In cases where both conditions coexist, as demonstrated in this video, a combined surgical approach is adopted in suitable candidates. Combining carpal tunnel release and fasciectomy in a single surgical setting is safe, cost-effective, and efficient, reducing recovery time and healthcare costs while achieving functional outcomes comparable to staged interventions.
The following describes the surgical technique for this combined procedure, demonstrating key operative steps for both conditions.

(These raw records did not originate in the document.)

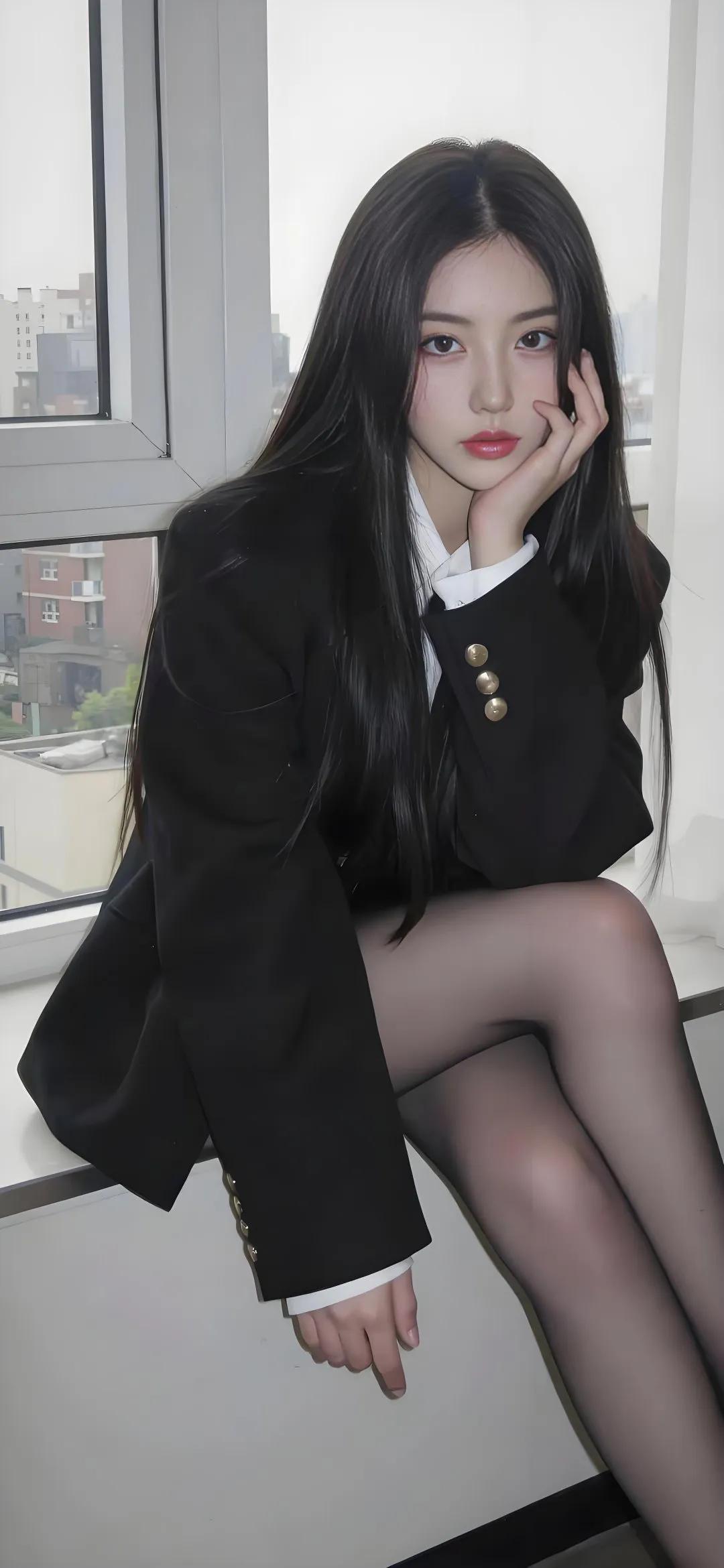 都市少女风，黑西装搭配白衬衫，优雅又时尚！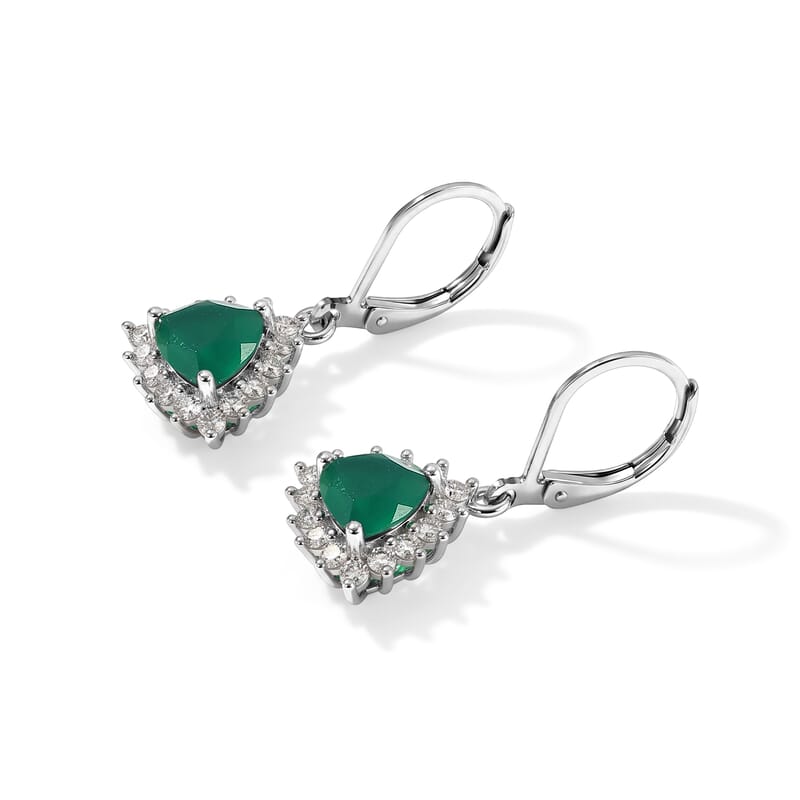 EverTrue Verde Onyx and White Zircon 3.40 ctw Verdant Trillion Halo Bloom Earrings in Platinum Bond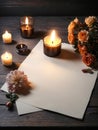 Lovely Blank parchment on old wood table background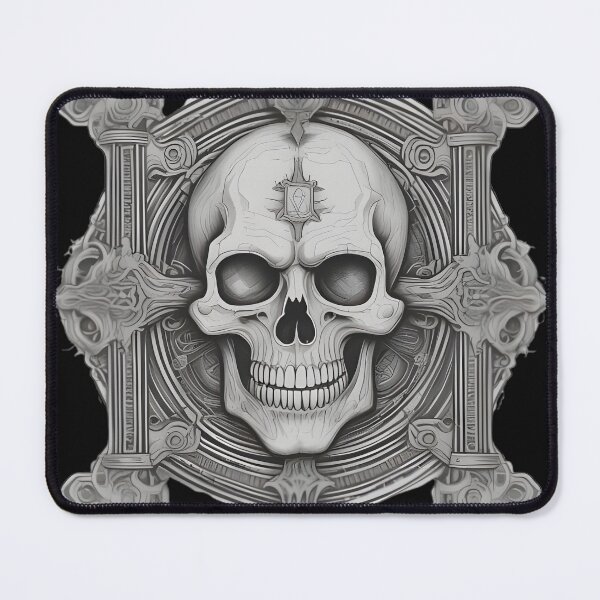 Item preview, Gothic Architecture Skull - Masonic Pillar Occult Engraving Art designed and sold by DarkOriginArts.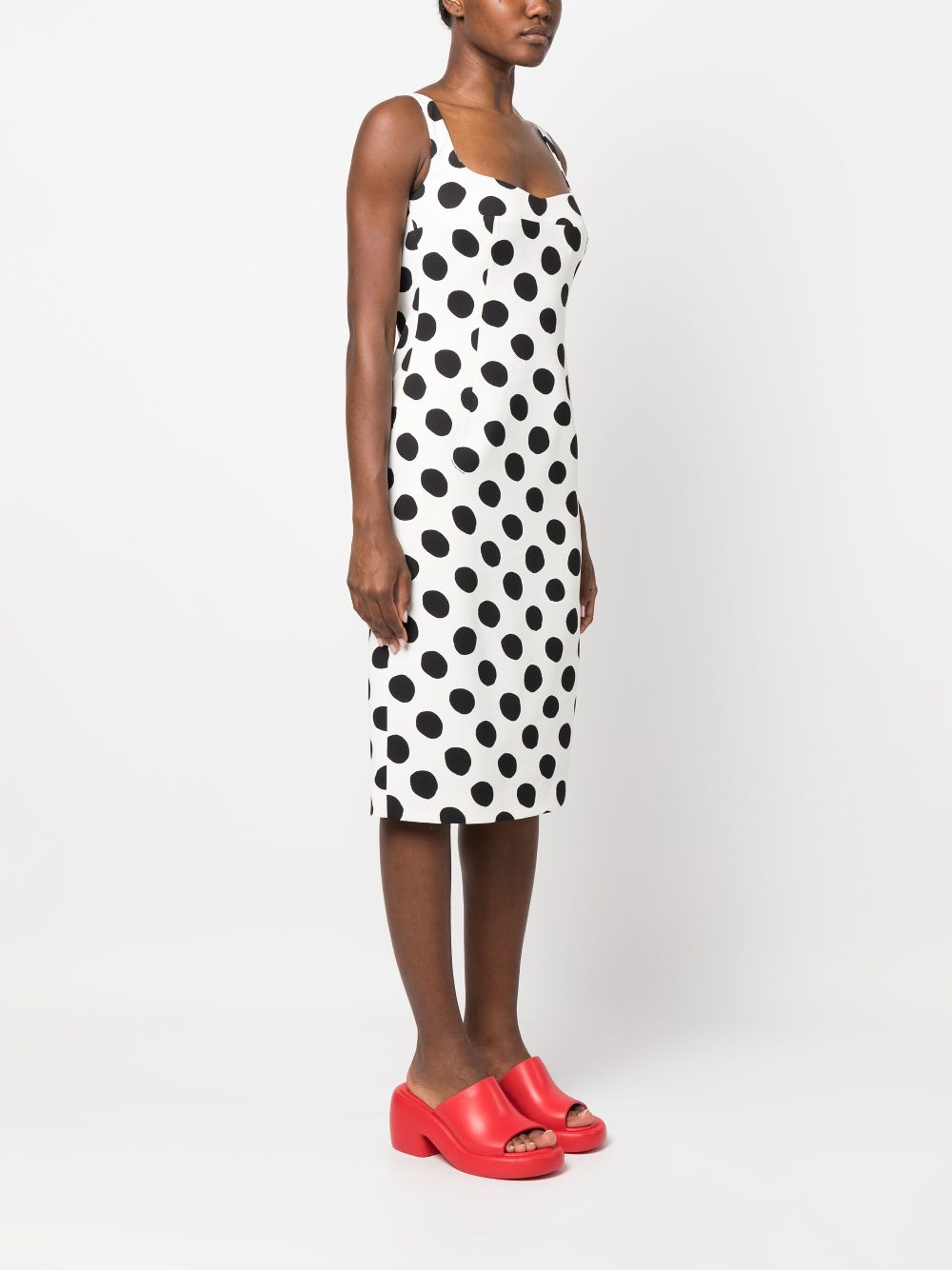 Marni polka dot-print sleeveless midi dress Women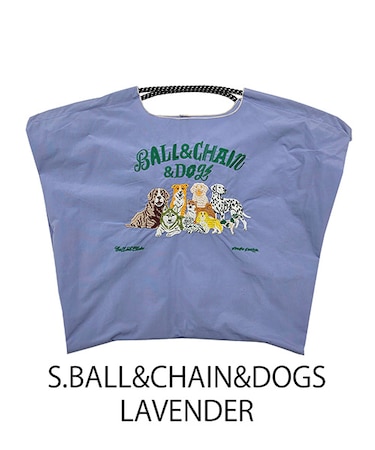 【Ball＆Chain/ボールアンドチェーン】S.BALL&CHAIN&DOGS (L) 刺繍エコバッグ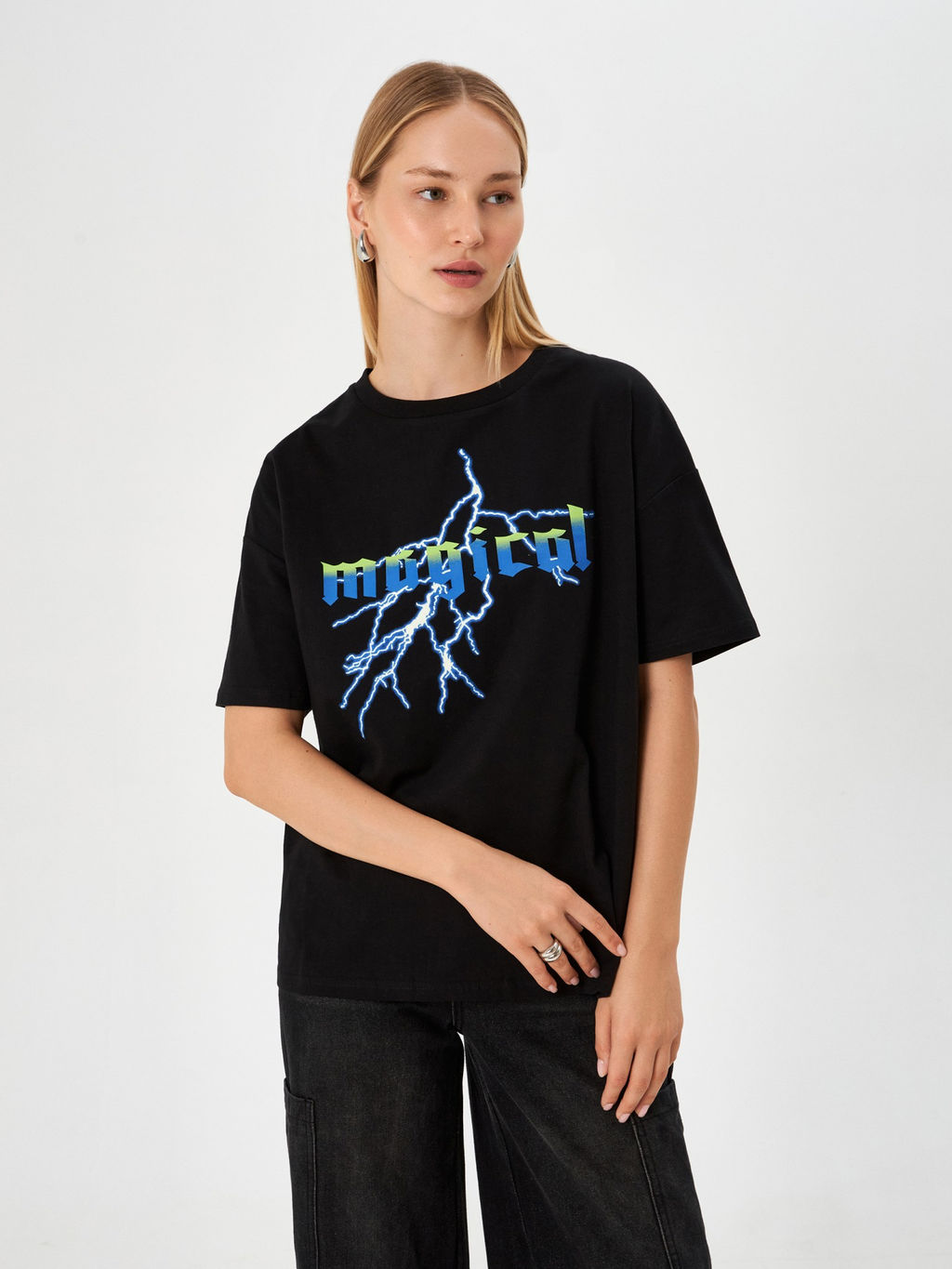 10200510070 Футболка жен. Pathos синий принт - Concept club фото 2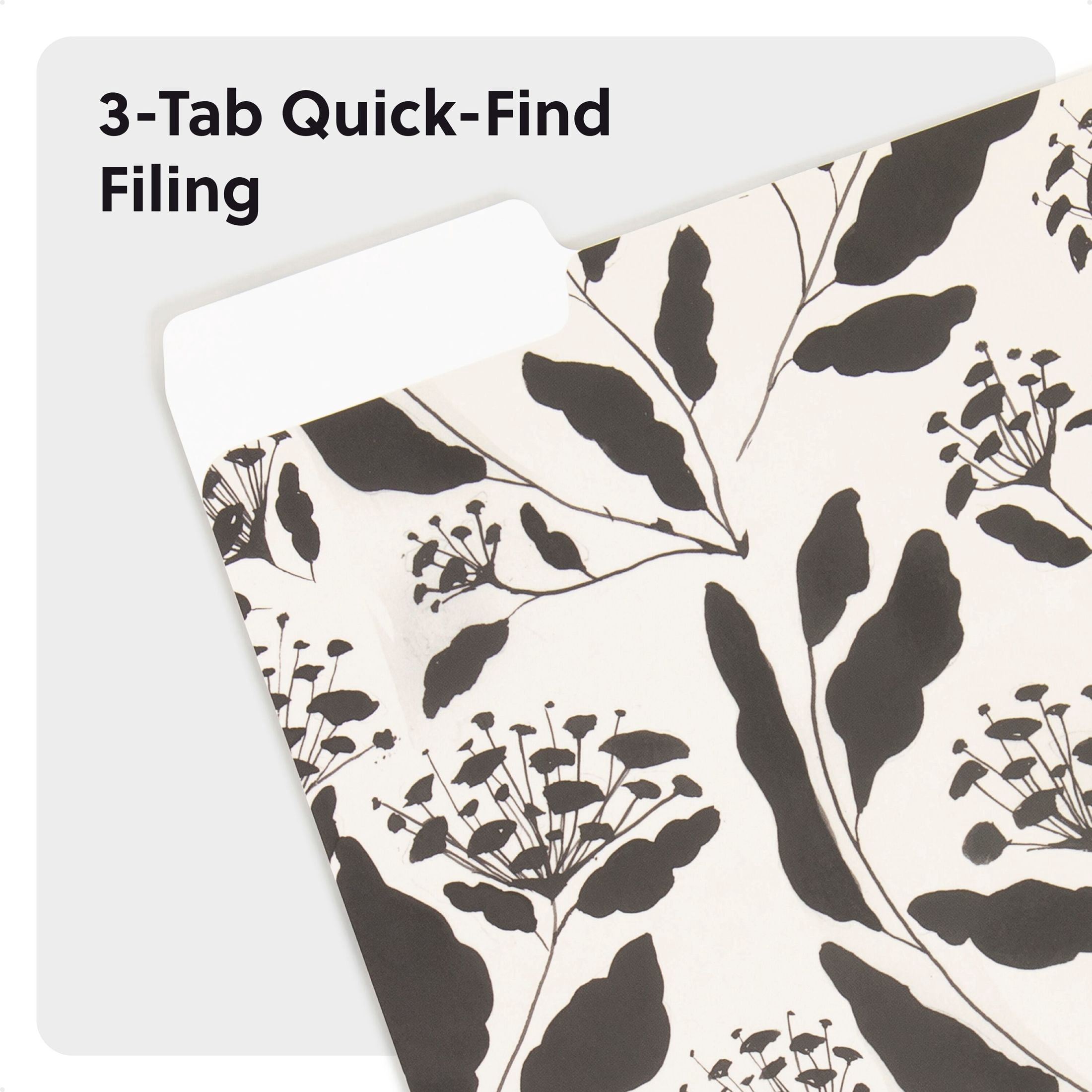 U Brands Fashion File Folders, Set of 12, Refined Roots, 1/3-Cut Tabs, Letter Size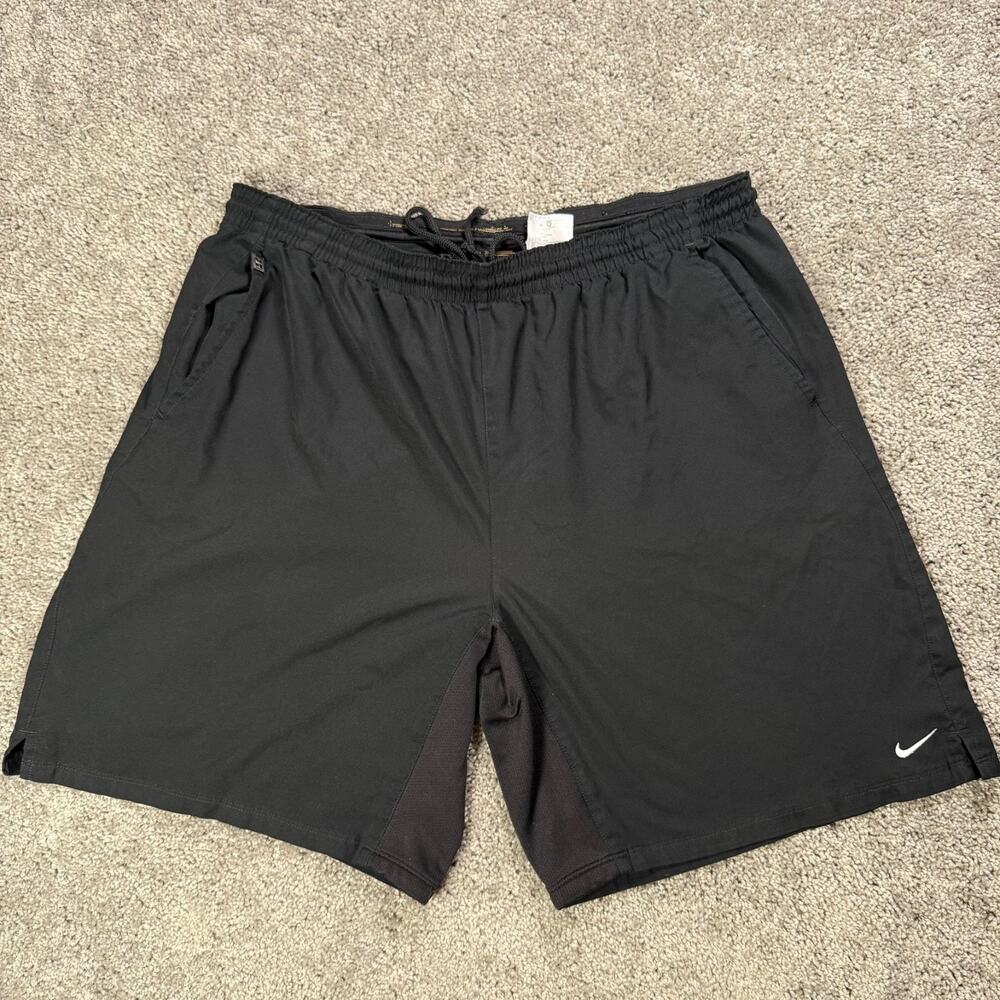 VINTAGE Nike Tennis Challenge Court Shorts Mens XL Black Swoosh Gray Tag 9" Y2K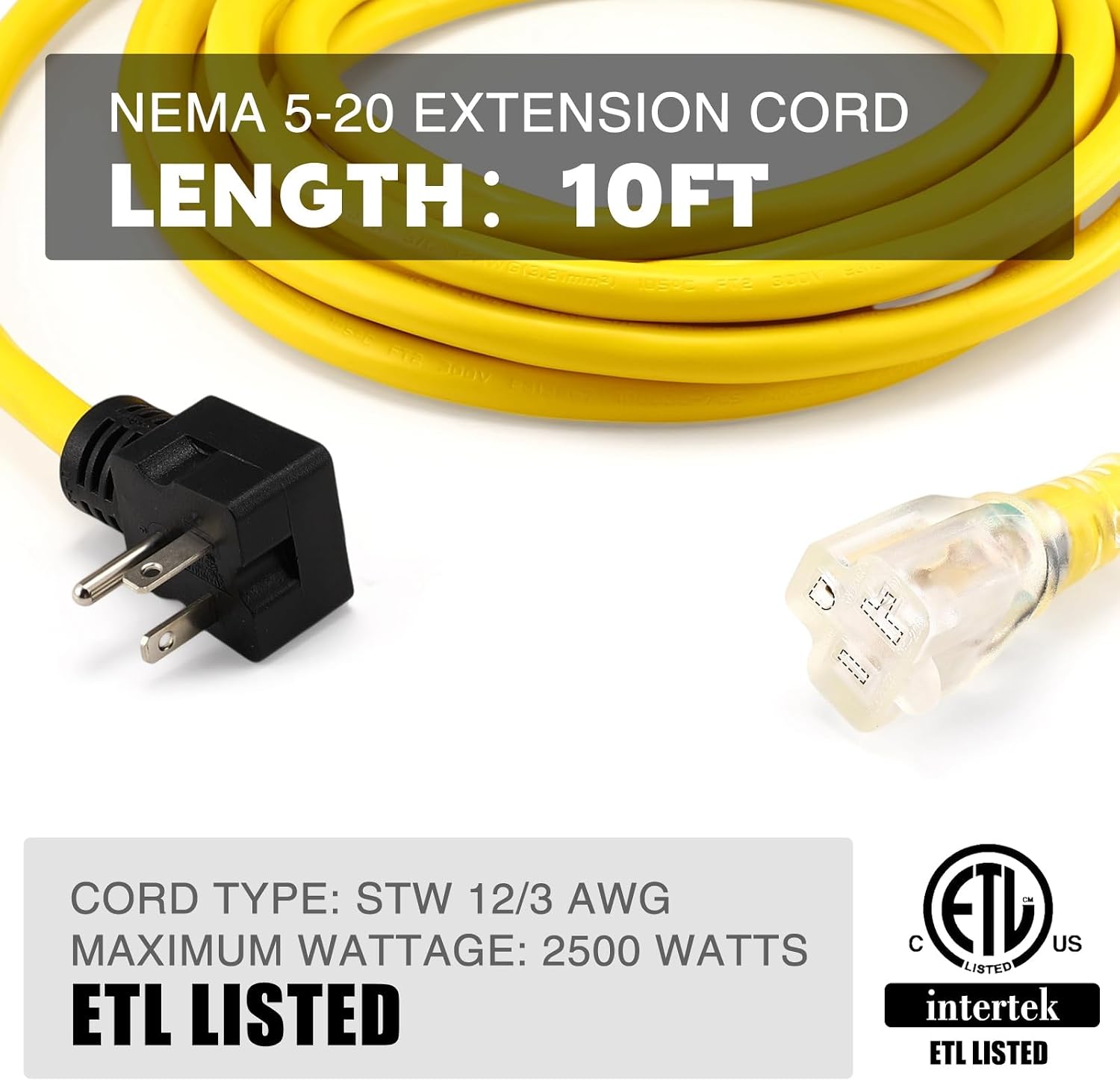 Kanayu 10FT NEMA 5-20 Extension Cord, 5-20P Male Plug to 5-20/5-15R Female Receptacle, 20 Amp T-Blade Outlet Extension Power Cord with Indicator Light, 12 AWG, ETL Listed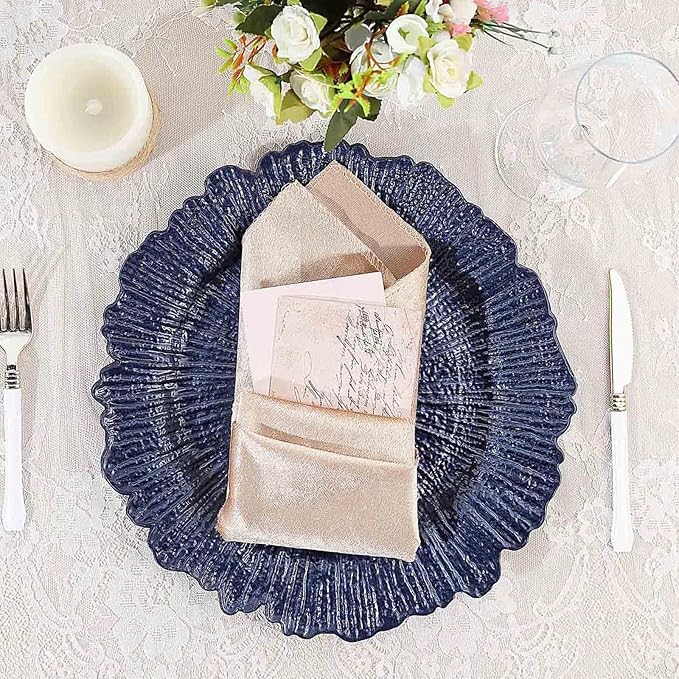 13" Charger Plates - Set of 24 - Acrylic Navy Blue Round Reef Disposable Chargers, Ideal for Dinner Party Wedding Holiday Bulk Events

The surgical intervention was initiated with the application of a tourniquet. A 2-centimeter longitudinal incision was made in the thenar crease, followed by division of the palmar aponeurosis in line with the skin incision. The length of the skin incision may vary depending on the size of the hand and soft tissue pliability. The transverse carpal ligament (TCL) and deep forearm fascia is exposed by careful dissection of superficial tissue which allows safe placement of a right angled retractor. At this point it is essential to look for any anomalous nerve branch which may be in the path of surgical release. Transligamentous branching of the recurrent motor branch of the median nerve has been reported in several studies. There seems to be an association with anomalous branching of the median nerve and hypertrophic muscle overlying the transverse carpal ligament.6,7 Clear visualization of the entire transverse carpal ligament is a prerequisite to performing its release. The proximal release was performed using saline-moistened dissecting scissors, extended into the distal forearm, while the distal release was performed under protection of a Freer elevator until the characteristic fat pad surrounding the superficial arch was encountered.
At all times the medial nerve is kept under direct visualization to prevent accidental injury. Complete release was confirmed both visually and by palpation. In a primary case it is almost always possible to perform a complete and safe release with the technique as described. In revision cases it is often necessary to extend the incision into the distal forearm in a zigzag fashion. This allows safe and complete visualization of the nerve and its branches.
Following closure of the carpal tunnel release, attention was turned to the small and ring fingers for fasciectomy. A zigzag Bruner incision was made, starting in the hypothenar area and extending into the proximal and middle segments of the small finger. Skin flaps were elevated at the subdermal level taking care to avoid buttonholing the skin flaps. Each neurovascular bundle is identified and protected with vessel loops. This may be done at multiple levels.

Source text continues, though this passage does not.